8 Side Channel Attack Evaluation

Many applications require protection against both fault injection and side channel attacks. The doubling of the \(\phi \) function evaluations due to embedding suggests an increase in leakage. Regazzoni et al. [26] showed that, in the context of an AES S-box, various error detection mechanisms increase the vulnerability to power analysis attacks. Using a similar approach, Cojocar et al. [10] investigated the effect of instruction duplication and ineffective faults and their contribution to the overall side channel leakage. Both works note that standard side channel attacks, such as univariate correlation power analysis or even templates, are often unable to exploit the increase in leakage due to fault analysis countermeasures. In order to exploit this redundancy, horizontal attacks should be considered.

We investigate the impact of the code-abiding technique on the side channel attack vulnerability of \(\textsc {Friet-P}\) with Soft Analytical Side Channel Attacks (SASCA) [33]. SASCA is a horizontal type of side channel attack based on the Belief Propagation (BP) algorithm [22]. The structure of SASCA allows exploitation of leakage of any instruction/gate and for our case it can also take advantage of the parity limb (up to XOR limitation studied in [20, 21]).

Our SASCA evaluation has the following goals:

  • Assess the increase in leakage between \(\textsc {Friet-PC}\) and \(\textsc {Friet-P}\).

  • Compare the side channel leakage of \(\textsc {Friet-P}\) with that of a duplication \(\textsc {Friet-PC}\).

We simulate the leakage measurements of each 1-bit intermediate variable v using a Normal distribution \( \mathcal {N}(v,\sigma ^2)\), where the mean is the identity leakage function of the variable and the standard deviation \(\sigma \) is the same for all variables. The goal of the attack is to retrieve the value of bit \(b_0\) of the initial state. Attacks are similar for other bits, and can be recovered with independent attacks in order to reduce computational cost of SASCA.
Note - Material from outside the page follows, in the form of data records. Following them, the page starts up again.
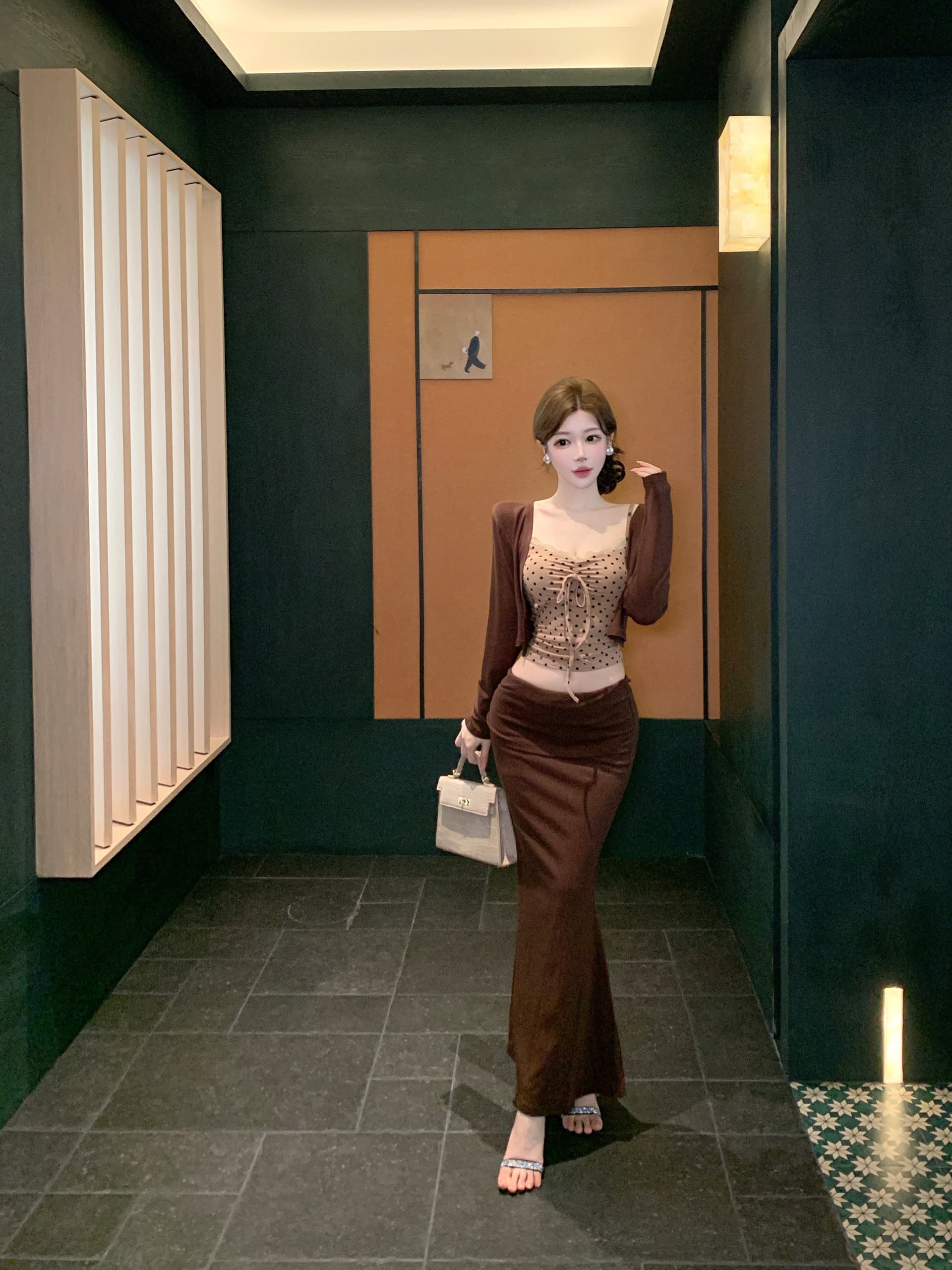 실사 레이스 조각 도트 무늬 순수한 욕망 캐미솔 긴팔 오픈 가디건 여성 겨울 세트 인어 꼬리 스커트 반 스커트 3종 세트 상세 이미지 5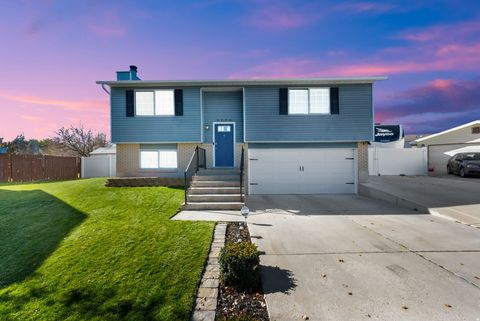 Photo of 5775 W TUCKINGTON CIR S, Salt Lake City, UT 84118 (MLS # 2122652)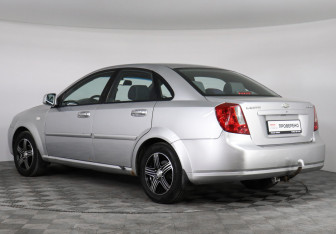 Подержанный автомобиль Chevrolet Lacetti Sedan 2011 года (4 фото)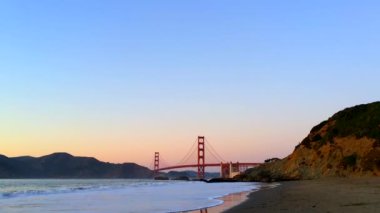Golden Gate Köprüsü Baker Sahili 'nden gün batımında, San Francisco, Kaliforniya, ABD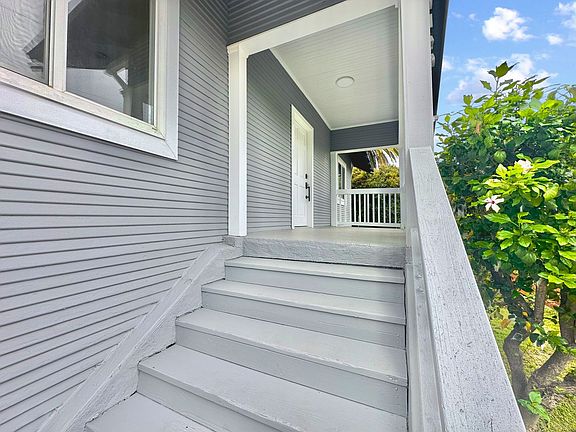 2nd image of 6146 Mesa Ave #6146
Figure 6 shows average success rate of simulated experiments for \(SNR = 0.1\) in function of the number of traces used for the attack. Analyzing how fast the different success rates converge to 1, we can make three observations.

  • BP converges to success rate 1 faster on \(\textsc {Friet-P}\) than on \(\textsc {Friet-PC}\). Using SASCA we are able to observe and quantify the extra leakage penalty that is incurred by the fault-detecting extension.
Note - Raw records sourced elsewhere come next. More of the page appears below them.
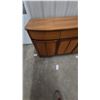 Image 4 : Mid-Century Modern Curved-Front Teak Credenza Sideboard With 4 Drawers and 4 Cabinet Doors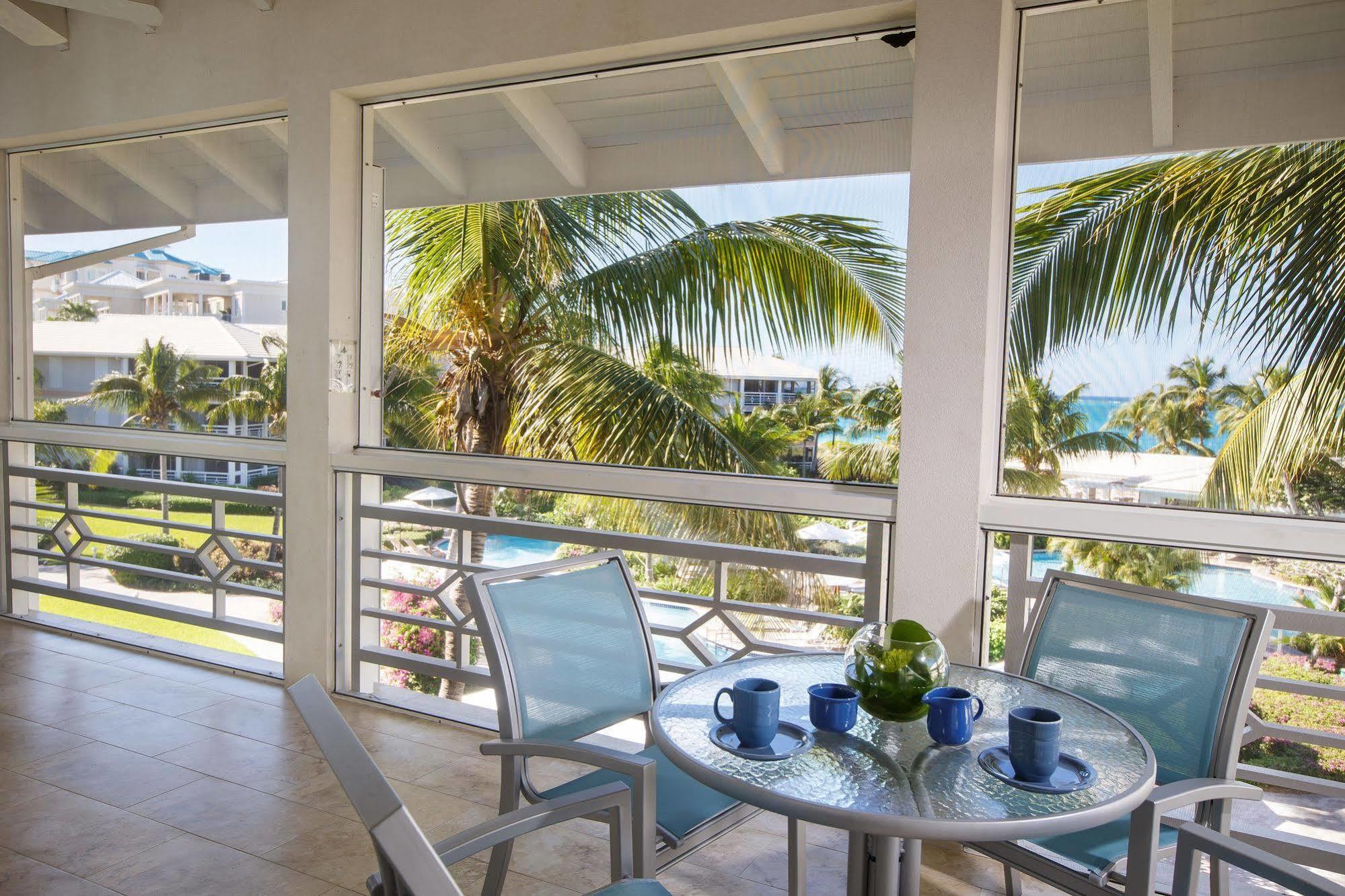 Ocean Club West Resort Грейс-Бэй Экстерьер фото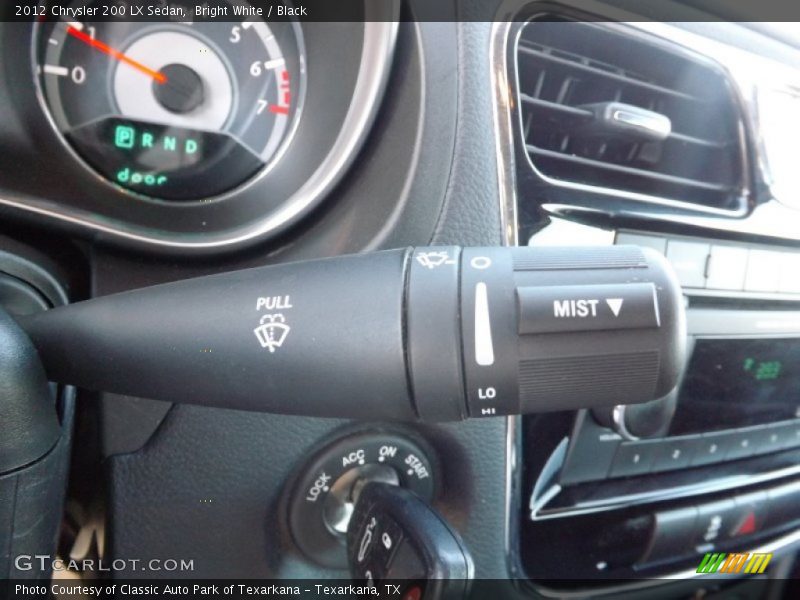 Bright White / Black 2012 Chrysler 200 LX Sedan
  • BP on \(\textsc {Friet-P}\) converges slower than on duplicated \(\textsc {Friet-PC}\). Hence, our code-abiding leads to less exploitable leakage than duplication. As a result, considering side channel and fault injection attacks jointly, \(\textsc {Friet-P}\) offers a better overall security level than duplicated \(\textsc {Friet-PC}\).

  • We underline the need for such horizontal exploitation. The limited scope of standard techniques such as univariate correlation and templates can produce misleading results. Most forms of redundancy (such as the CRAFT/ \(\textsc {Friet-P}\) error-detecting codes, the IIR method or duplication) can remain undetected without horizontal techniques that can cause extra leakage.

Fig. 6.
figure 6

Success rate of simulated SASCA

Full size image

9 Conclusions and Future Work

We have presented a novel method to design cryptographic permutations and block ciphers such that they have efficient fault-detecting implementations by building code-abiding permutations and embedding a permutation in that. By a judicious choice of components, these permutations can be very lightweight, as demonstrated by our permutation \(\textsc {Friet-P}\) that can be used to build an AE scheme \(\textsc {Friet}\) offering 128 bits of claimed security. The result can compete with similar schemes that do not offer efficient protection against faults. We have evaluated the fault detection capabilities of \(\textsc {Friet-P}\) in two instantiations and those results are very encouraging. As for the protection against side channel attacks, we only see a slight increase in leakage due to our embedding technique. All in all, this design method seems to be a very promising research avenue.